Re: [RFC PATCH] tracing: Fix syscall tracepoint use-after-free

Mathieu Desnoyers <mathieu.desnoyers@xxxxxxxxxxxx> · Wed, 23 Oct 2024 11:13:53 -0400

On 2024-10-23 10:56, Jordan Rife wrote:
Mathieu's patch alone does not seem to be enough to prevent the
use-after-free issue reported by syzbot.

Link: https://lore.kernel.org/bpf/67121037.050a0220.10f4f4.000f.GAE@xxxxxxxxxx/T/#u

I reran the repro script with his patch applied to my tree and was
still able to get the same KASAN crash to occur.

In this case, when bpf_link_free is invoked it kicks off three instances
of call_rcu*.

bpf_link_free()
   ops->release()
      bpf_raw_tp_link_release()
        bpf_probe_unregister()
          tracepoint_probe_unregister()
            tracepoint_remove_func()
              release_probes()
                call_rcu()               [1]
   bpf_prog_put()
     __bpf_prog_put()
       bpf_prog_put_deferred()
         __bpf_prog_put_noref()
            call_rcu()                   [2]
   call_rcu()                            [3]

With Mathieu's patch, [1] is chained with call_rcu_tasks_trace()
making the grace period suffiently long to safely free the probe itself.
The callback for [2] and [3] may be invoked before the
call_rcu_tasks_trace() grace period has elapsed leading to the link or
program itself being freed while still in use. I was able to prevent
any crashes with the patch below which also chains
call_rcu_tasks_trace() and call_rcu() at [2] and [3].

Right, so removal of the tracepoint probe is done by
tracepoint_probe_unregister by effectively removing the
probe function from the array. The read-side counterpart
of that is in __DO_TRACE(), where the rcu dereference is
protected by rcu_read_lock_trace for syscall tracepoints
now.

We cannot expect that surrounding the ebpf probe execution
with preempt disable like so:

#define __BPF_DECLARE_TRACE_SYSCALL(call, proto, args)                  \
static notrace void                                                     \
__bpf_trace_##call(void *__data, proto)                                 \
{                                                                       \
        might_fault();                                                  \
        preempt_disable_notrace();                                      \
        CONCATENATE(bpf_trace_run, COUNT_ARGS(args))(__data, CAST_TO_U64(args));        \
        preempt_enable_notrace();                                       \
}

Is sufficient to delay reclaim with call_rcu() after a tracepoint
unregister, because the preempt disable does not include the rcu
dereference done by the tracepoint in its critical section.

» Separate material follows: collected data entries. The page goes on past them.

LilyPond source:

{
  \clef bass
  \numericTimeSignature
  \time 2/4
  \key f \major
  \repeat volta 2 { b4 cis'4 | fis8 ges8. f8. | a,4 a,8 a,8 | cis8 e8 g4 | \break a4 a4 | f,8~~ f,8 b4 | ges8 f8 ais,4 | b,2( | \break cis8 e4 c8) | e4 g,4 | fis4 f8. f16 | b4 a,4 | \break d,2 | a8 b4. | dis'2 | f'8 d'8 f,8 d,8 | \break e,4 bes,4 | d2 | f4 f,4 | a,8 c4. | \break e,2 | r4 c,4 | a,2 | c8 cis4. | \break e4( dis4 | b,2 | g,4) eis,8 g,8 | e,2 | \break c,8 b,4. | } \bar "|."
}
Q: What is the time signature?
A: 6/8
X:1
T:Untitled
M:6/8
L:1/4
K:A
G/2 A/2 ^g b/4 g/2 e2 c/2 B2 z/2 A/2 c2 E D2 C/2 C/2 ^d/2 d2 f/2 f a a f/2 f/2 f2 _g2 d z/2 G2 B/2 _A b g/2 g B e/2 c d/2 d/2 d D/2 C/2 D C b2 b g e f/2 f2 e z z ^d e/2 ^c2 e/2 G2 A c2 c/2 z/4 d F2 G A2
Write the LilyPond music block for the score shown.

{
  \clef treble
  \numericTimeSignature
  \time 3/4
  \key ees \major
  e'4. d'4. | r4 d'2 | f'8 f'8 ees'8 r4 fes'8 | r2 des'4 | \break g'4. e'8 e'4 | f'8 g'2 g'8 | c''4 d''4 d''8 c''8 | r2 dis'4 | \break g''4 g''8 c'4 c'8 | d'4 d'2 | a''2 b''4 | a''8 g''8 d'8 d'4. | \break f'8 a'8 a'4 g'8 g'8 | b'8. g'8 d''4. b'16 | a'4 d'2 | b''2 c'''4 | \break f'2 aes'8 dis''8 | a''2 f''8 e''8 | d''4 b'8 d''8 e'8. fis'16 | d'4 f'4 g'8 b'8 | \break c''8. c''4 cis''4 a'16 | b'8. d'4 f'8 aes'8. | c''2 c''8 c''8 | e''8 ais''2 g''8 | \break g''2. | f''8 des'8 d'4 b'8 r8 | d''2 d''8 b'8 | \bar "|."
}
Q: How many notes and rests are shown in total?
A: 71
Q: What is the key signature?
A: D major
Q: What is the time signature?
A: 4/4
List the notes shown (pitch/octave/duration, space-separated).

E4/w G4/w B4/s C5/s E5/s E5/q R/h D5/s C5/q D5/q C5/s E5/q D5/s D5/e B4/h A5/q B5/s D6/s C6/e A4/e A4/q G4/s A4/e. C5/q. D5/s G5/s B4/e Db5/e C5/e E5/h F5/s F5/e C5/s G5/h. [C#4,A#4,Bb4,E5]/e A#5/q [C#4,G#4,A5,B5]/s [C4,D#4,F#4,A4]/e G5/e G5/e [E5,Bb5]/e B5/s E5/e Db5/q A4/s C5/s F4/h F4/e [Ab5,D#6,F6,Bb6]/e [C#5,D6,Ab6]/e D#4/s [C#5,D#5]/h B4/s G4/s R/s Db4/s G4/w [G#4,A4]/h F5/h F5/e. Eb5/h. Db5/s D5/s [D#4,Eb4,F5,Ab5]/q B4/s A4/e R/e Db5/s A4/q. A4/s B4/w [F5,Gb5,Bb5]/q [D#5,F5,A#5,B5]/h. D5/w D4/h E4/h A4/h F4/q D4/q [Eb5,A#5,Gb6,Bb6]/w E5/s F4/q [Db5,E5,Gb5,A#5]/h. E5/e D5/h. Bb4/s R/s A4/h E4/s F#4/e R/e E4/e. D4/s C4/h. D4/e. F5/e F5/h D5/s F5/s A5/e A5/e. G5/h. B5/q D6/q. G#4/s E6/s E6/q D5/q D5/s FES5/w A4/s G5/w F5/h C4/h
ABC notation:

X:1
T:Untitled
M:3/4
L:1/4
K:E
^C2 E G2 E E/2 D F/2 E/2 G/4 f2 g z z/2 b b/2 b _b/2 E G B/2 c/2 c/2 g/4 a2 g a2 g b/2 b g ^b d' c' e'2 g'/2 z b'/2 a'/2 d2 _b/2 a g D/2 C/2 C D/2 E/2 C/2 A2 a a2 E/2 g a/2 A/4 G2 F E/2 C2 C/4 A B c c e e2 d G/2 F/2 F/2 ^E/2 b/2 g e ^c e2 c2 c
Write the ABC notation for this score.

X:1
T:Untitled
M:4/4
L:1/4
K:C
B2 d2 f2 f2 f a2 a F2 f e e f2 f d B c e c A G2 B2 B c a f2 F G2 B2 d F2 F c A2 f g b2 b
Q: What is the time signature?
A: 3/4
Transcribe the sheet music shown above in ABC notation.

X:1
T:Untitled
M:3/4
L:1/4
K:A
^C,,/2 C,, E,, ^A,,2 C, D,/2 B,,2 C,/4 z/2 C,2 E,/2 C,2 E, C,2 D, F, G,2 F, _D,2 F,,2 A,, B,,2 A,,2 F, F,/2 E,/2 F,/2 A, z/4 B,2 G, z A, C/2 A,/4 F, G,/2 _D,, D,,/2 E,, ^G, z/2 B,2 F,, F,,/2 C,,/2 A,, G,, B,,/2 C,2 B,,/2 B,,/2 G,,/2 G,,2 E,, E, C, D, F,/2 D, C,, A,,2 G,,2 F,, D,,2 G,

So relying on a call_rcu() to delay reclaim of the bpf objects
after unregistering their associated tracepoint is indeed not
enough. Chaining call_rcu with call_rcu_tasks_trace works though.

That question is relevant for ftrace and perf too: are there data
structures that are reclaimed with call_rcu() after being unregistered
from syscall tracepoints ?

Thanks Jordan for your thorough analysis,

Mathieu


---
  kernel/bpf/syscall.c | 24 ++++++++++--------------
  1 file changed, 10 insertions(+), 14 deletions(-)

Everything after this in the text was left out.